There are many “theories” about why fatigue occurs so frequently in MS, but little conclusion. What IS known is fatigue in MS is very different from the average person’s complaint of feeling tired. MS fatigue tends to carry a pattern of symptomology atypical to what a normal person might feel from simply being “tired”:
*Generally occurs on a daily basis
*May occur early in the morning, even after a restful night's sleep
*Tends to worsen as the day progresses
*Tends to be aggravated by heat and humidity
*Comes on more easily and suddenly
*Is generally more severe than normal fatigue
*Is more likely to interfere with daily responsibilities
MS fatigue is further differentiated in the literature and has been given a fancier name than “lazy” by neurologists. They call it MS lassitude, which clinically means a state of feeling weariness, diminished energy, or listlessness brought on by disease…you can quote me on this one next time you’re trying to explain why you feel so damned tired to your family or friends! Just say you suffer from MS lassitude. It’s sure to impress them.

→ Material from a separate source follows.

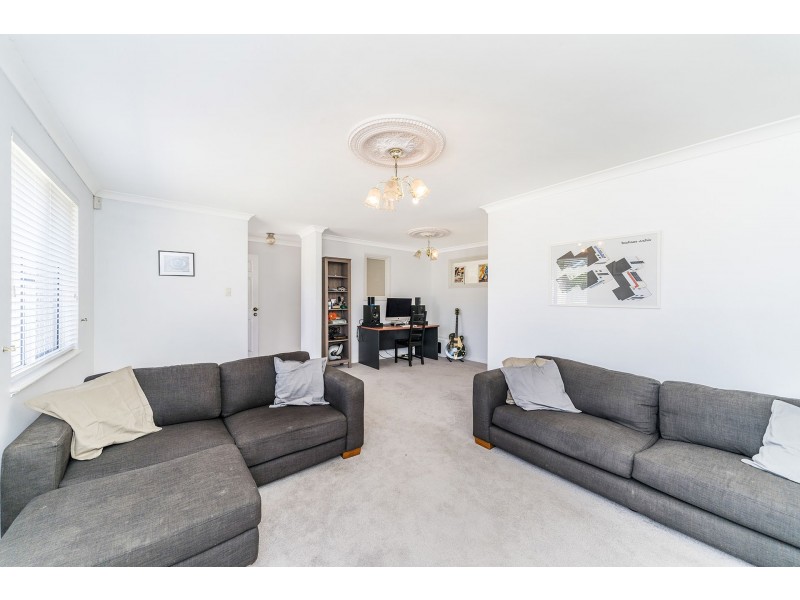 21 Edgecumbe Street, Como WA 6152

Because Multiple Sclerosis comes with such a wide array of neurological symptoms, it is very difficult to tease out the basic cause of fatigue in MS and I believe this is why no one can conclusively tell us why we feel so tired…or at least why 80% of those of us with MS are fatigued! There are so many possible causes and researchers tend to focus most of their energies on the area of sleep disorders in MS:
These include painful muscle spasms from spasticity, the need to make frequent trips to the bathroom (called “nocturia”), or involuntary twitching and kicking called “periodic limb movements in sleep,” or PLMS.
Smaller numbers of people with MS have difficulty swallowing during sleep or suffer from sleep apnea—temporary pauses in breathing, often accompanied by gasping, choking, or violent snoring.

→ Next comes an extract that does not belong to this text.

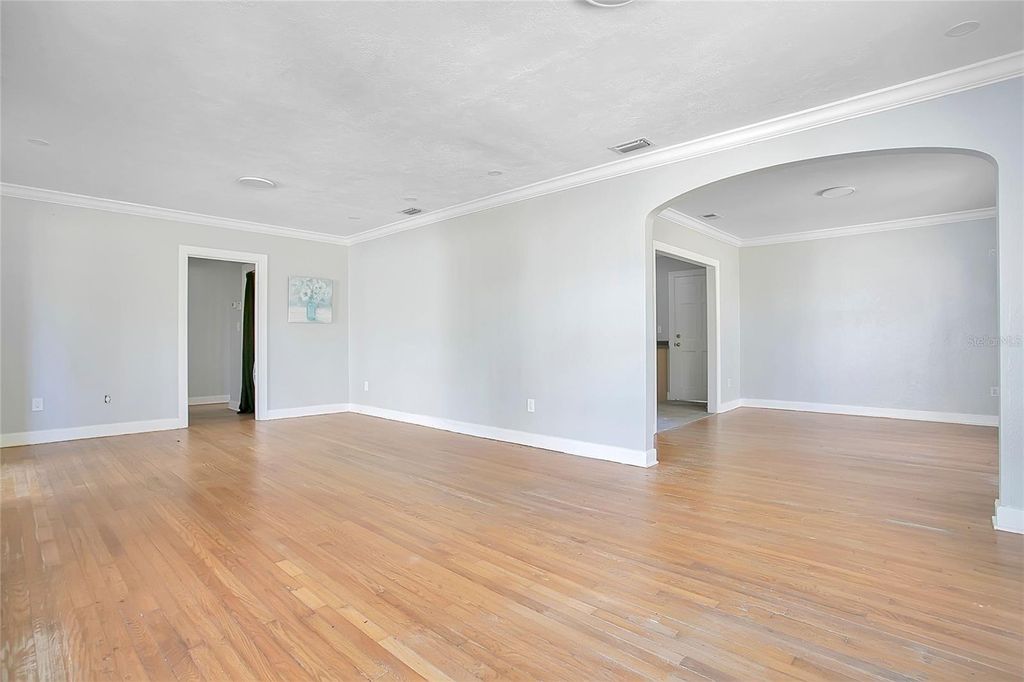 Image 5 of property listing at 1610 E JEFFERSON STREET, Orlando, FL 32803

MS symptoms and the sleep problems that tangle up with them are many and diverse. Some are directly related to symptoms; some may be caused by the location of MS lesions (areas of damage) within the brain. Others may stem from stress.

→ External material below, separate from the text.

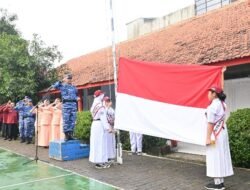 Tanamkan Nasionalisme, Danlanud Husein Sastranegara Pimpin Upacara di SD Angkasa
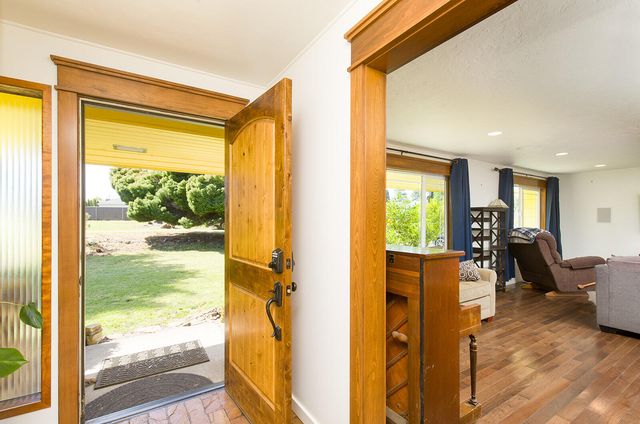 1745 Thelma Street, Fortuna, CA 95540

Whatever the cause, one thing remains constant…feeling tired! There are several pharmaceutical treatments (i.e., drugs) on the market and I have heard from others with MS, the drugs can be quite effective. Medications like Amantidine and Provigil tend to boost energy levels. And then there are the basic stimulants like Adderal, Cylert, and Ritalin, which I am told have helped some with their fatigue. There are also multiple medications available to treat spasticity, nocturia, and PLMS or Restless Leg Syndrome.
I have a filled bottle of Amantidine in my personal arsenal pharmacy and have never taken one of the pills. Why? Because a little knowledge is a dangerous thing. I researched all the possible side effects from the medication, deciding at the time, I’d rather just feel tired than risk one more drug induced symptom! I settled on a dose of anti-depressant called, Wellbutrin, which seemed like a good choice in treating several symptoms at once. Not only does it seem to “boost” my energy (Itake a higher one time dose in the a.m.) at the beginning of my day, but it also provides some mental clarity…I know this because I tested it via theory of NOT taking it for a period of time. And, those underlying demons of depressive symptoms get a knock on the head, too.
If you choose to treat your fatigue, treatment options are best discussed with your neurologist and tailored to fit your individual needs. Until this last relapse, I felt uncomfortably “comfortable” with my fatigue and was able to make lifestyle changes to accommodate my needs. Now I may have to reevaluate these goals and needs because fatigue is substantially interfering with my life and my guilt factor is resurfacing.
There are several resources out there if you’d like to read online about MS fatigue, the National MS Society being one of them at:
I have to go lie back down now…I’m pooped!